Julie discussed the pitfalls of starting up a new small business with Roberta: the need to be resilient because everything that could go wrong, will go wrong! She described the challenges of finding factories to work with when she wasn't an established brand and wanted smaller minimum orders than high street shops, and the technicalities of textile manufacturing that can lead to product development taking longer and costing more money.
Ethical and sustainable business practices are at the heart of AmaElla for Julie: she has visited the factories she uses for manufacturing, and has checked every aspect of the supply chain, so she knows that every piece of trim on her products has been sustainably sourced. She operates a paperless office, and even cycles to work! She uses official organic cotton certifications for her products, and keeps consumers informed by detailing the company's story in their website. She is hopeful for the future of fashion, and described her dream of an industry where far more products are made to order (similar to the pre-order model of a crowdfunded collection) so fewer materials are wasted, and less unwanted clothing ends up in landfill.

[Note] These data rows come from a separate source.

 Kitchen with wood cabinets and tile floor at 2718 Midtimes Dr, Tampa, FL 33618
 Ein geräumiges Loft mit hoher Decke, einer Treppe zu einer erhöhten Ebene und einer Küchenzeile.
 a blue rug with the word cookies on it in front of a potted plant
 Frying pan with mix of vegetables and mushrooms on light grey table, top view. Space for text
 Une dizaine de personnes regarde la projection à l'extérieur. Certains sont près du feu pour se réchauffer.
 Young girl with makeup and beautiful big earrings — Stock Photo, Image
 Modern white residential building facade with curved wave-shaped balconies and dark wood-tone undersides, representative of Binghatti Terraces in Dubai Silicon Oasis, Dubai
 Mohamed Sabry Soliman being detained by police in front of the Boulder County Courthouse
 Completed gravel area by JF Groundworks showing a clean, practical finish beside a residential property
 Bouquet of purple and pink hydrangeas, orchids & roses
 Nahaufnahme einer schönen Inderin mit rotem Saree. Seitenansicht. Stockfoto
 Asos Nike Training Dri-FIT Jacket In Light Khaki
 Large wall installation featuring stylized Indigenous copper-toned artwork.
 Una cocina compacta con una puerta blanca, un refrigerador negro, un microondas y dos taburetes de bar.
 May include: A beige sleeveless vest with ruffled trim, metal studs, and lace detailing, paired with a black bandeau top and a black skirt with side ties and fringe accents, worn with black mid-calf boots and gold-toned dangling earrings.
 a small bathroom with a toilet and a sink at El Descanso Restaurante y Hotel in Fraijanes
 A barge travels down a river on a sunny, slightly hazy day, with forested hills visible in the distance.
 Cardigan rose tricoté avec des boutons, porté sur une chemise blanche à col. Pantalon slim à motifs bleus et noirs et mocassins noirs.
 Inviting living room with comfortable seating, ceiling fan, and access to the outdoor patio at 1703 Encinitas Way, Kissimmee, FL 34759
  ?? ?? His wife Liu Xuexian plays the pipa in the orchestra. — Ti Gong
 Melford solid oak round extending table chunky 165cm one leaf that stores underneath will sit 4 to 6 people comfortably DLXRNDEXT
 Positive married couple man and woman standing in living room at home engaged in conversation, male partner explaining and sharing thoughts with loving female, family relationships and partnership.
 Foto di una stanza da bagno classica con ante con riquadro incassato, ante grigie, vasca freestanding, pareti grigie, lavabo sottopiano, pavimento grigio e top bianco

We also heard from Charlie Ross, the founder of Offset Warehouse, who was shocked to learn the realities of the fashion industry while watching a documentary as part of her fashion degree. She wanted the fabrics she used and the clothes she made to be beautiful, but she knew that couldn't come at the expense of people or the environment. On top of her regular studies, she began to research the textile industry, to find out how and where she could source fabrics that had been manufactured without exploiting anyone. At the end of her degree she put her research online, and was amazed by the response it got; she was inundated with requests for help with buying ethical fabrics. Often these would-be customers wanted fashion forward fabrics in smaller amounts, so realising how much her expertise was needed, she set up Offset Warehouse. Roberta emphasised how important good fabrics are when it comes to making desirable clothes, but it is often the area of fashion that we think about the least. Charlie agreed; as well as sourcing ethical fabrics that don’t compromise on beauty, she is also obsessed with new fibres and the technology behind them. Surprisingly, H&M is the biggest buyer of reconstituted polyester and organic cotton (although it’s still only a small percentage of their total output), and zip manufacturer YKK is using reconstituted plastic in its products. In order to ‘close the loop’ of production and stop waste going to landfill, new fabrics are being developed using coffee grounds, banana fibre, reconstituted microfibres (from the washing of polyester) and even hagfish slime: the secretions of a deep sea creature that has elastic properties!
Akhil Sivanandan, the founder of Green Story, joined the live event from Canada, and gave a presentation on how businesses can increase sales by emphasising their green credentials in a way that draws the consumer in and makes them feel connected. Echoing Bel Jacobs’ point about the unhelpful nature of too many statistics, he outlined the reasons customers might not make a purchase based on the company’s ethics or sustainability: a lack of understanding about the specifics of a vague claim of ‘sustainability’, a lack of understanding about the impact their purchases might make, and the price of the product being sold. Although most consumers have good intentions about buying ethical or sustainable products, most of the time that doesn’t translate to actual purchases.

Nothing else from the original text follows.